Former Finance Minister Nhlanhla Nene has cautioned that the National Treasury faces tough decisions to rein in government spending as it prepares to reintroduce the 2025/26 budget to Parliament next month. He believes the option of borrowing more money is no longer viable, given the country’s mounting debt burden.
Government’s initial plan to raise R58 billion in revenue—via a two-percentage-point hike in value-added tax (VAT)—was rejected by Cabinet just hours before Finance Minister Enoch Godongwana was set to table the budget. Now, Treasury must seek alternative ways to balance soaring costs related to a 5.5% public sector wage increase, extending the social relief of distress (SRD) grant, and funding essential services such as healthcare and education—all while the national debt-to-GDP ratio is projected to climb to 75% this year.
In an interview with News24, Nene underscored the gravity of the situation:
“You can either increase your borrowing, which we’ve almost exhausted in my view, or cut expenditure, which also has its limits. The fact of the matter is, you cannot spend more than you earn. Otherwise, you dig yourself into a bigger hole.
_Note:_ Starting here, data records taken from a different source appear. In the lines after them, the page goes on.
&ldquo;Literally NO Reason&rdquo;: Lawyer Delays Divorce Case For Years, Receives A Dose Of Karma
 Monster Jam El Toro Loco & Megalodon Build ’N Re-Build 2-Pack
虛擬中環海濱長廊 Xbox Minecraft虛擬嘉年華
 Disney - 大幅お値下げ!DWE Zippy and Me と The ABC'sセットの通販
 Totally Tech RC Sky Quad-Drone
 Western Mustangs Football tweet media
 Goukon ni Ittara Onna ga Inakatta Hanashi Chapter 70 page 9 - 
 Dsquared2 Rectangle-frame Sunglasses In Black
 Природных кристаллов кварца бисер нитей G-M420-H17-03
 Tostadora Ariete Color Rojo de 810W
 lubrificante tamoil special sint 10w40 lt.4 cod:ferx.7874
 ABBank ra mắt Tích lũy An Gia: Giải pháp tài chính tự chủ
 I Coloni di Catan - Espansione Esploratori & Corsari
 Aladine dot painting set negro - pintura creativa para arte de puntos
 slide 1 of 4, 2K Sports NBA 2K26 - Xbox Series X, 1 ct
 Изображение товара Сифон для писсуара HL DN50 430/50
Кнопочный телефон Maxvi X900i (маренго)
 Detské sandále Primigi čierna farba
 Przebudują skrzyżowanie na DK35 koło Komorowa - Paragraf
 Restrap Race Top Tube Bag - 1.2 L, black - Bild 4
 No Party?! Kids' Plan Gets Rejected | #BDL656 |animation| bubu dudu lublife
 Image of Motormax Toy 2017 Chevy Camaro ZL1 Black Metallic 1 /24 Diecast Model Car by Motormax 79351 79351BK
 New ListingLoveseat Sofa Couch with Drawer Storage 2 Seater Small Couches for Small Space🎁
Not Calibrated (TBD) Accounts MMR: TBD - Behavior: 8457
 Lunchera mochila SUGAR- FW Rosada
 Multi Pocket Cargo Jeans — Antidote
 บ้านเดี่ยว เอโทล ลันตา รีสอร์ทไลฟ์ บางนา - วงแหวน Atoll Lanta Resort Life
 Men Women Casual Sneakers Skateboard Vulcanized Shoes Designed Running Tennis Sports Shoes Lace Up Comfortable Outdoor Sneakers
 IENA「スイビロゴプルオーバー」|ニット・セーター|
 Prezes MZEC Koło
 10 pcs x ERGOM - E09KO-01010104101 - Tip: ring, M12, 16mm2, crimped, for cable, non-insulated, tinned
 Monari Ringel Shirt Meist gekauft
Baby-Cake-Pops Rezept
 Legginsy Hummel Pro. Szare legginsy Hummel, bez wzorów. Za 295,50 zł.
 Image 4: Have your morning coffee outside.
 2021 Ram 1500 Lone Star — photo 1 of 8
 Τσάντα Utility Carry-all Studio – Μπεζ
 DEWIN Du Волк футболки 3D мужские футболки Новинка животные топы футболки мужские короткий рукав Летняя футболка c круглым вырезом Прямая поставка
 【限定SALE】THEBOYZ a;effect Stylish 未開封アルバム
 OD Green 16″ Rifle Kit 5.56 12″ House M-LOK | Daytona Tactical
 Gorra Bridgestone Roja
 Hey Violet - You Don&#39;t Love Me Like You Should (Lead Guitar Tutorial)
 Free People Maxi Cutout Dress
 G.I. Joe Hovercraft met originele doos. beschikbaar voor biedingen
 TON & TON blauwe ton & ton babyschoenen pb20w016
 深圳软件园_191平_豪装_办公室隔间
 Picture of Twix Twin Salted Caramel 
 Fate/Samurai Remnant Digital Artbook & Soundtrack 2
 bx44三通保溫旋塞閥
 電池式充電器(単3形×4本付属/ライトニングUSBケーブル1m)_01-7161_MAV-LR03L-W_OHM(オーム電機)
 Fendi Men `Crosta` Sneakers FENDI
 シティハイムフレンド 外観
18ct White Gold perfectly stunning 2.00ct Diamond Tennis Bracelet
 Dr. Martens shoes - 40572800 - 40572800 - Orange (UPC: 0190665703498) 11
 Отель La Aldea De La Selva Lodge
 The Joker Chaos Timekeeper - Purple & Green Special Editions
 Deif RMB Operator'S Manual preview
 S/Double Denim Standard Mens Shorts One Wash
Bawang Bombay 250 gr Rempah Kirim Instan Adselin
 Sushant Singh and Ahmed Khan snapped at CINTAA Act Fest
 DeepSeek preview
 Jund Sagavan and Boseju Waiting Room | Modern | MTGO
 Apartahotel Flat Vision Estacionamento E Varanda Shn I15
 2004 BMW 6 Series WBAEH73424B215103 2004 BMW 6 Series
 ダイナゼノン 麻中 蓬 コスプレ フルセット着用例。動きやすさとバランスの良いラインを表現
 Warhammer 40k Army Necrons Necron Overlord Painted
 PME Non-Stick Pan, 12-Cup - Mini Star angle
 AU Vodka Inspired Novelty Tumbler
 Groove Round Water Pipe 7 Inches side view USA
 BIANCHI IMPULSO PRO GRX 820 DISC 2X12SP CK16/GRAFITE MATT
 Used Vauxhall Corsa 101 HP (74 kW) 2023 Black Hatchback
You cannot spend your way out of this debt trap.”
Nene served as finance minister from May 2014 to December 2015 under former President Jacob Zuma—before being controversially dismissed—and again in 2018 under President Cyril Ramaphosa, stepping down later that year after revealing meetings with the Gupta family.
He was “taken aback” by Cabinet’s move to postpone the budget to 12 March amid the VAT hike fallout. Still, he acknowledged that, given the nature of a Government of National Unity (GNU), it seemed to be “the only solution.”
Uncharted Waters
The former minister expects future disputes, including debates around the Basic Education Laws Amendment Act and the Expropriation Bill.
“We are in uncharted waters. It’s an environment where members represent different constituencies, each pushing for different outcomes. The key is how we handle these disputes, because they will continue to arise,” he said, adding that the GNU will be tested throughout its lifespan.
The Democratic Alliance (DA) recently released a set of proposals to raise an additional R60 billion in revenue for the upcoming budget, suggesting measures such as slashing government advertising, travel, and catering expenses.
Looking ahead, Nene emphasized that unity among GNU partners—particularly in managing government finances—is essential for a stable and successful administration. While he remains “cautiously optimistic” that they can present a pro-growth budget in March, he says all of South Africa’s hopes rest on a sound financial plan, even if complete consensus is elusive.